◆ YOUR TASK ◆
Copy out the lines of the records below, and only those lines, from the one with "楽器可の賃貸物件 2 LDK 15.2万円の図面１" through the one with "ANFTOP Motocicleta Funda", exactly as they appear.

◆ EXERCISE MATERIAL ◆

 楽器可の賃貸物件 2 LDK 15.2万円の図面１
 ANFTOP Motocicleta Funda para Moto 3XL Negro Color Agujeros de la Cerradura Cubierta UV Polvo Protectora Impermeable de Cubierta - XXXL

* * *

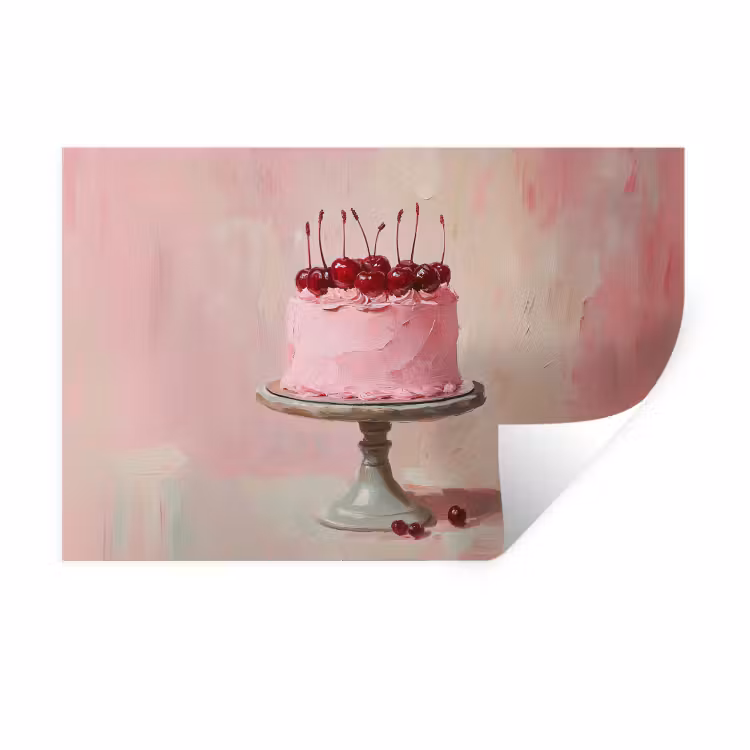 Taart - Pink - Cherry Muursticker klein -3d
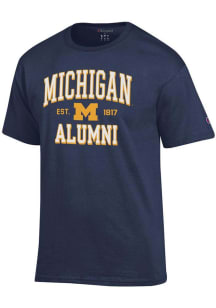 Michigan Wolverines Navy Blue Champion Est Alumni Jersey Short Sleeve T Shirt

◆ ANSWER SPACE ◆
 楽器可の賃貸物件 2 LDK 15.2万円の図面１
 ANFTOP Motocicleta Funda para Moto 3XL Negro Color Agujeros de la Cerradura Cubierta UV Polvo Protectora Impermeable de Cubierta - XXXL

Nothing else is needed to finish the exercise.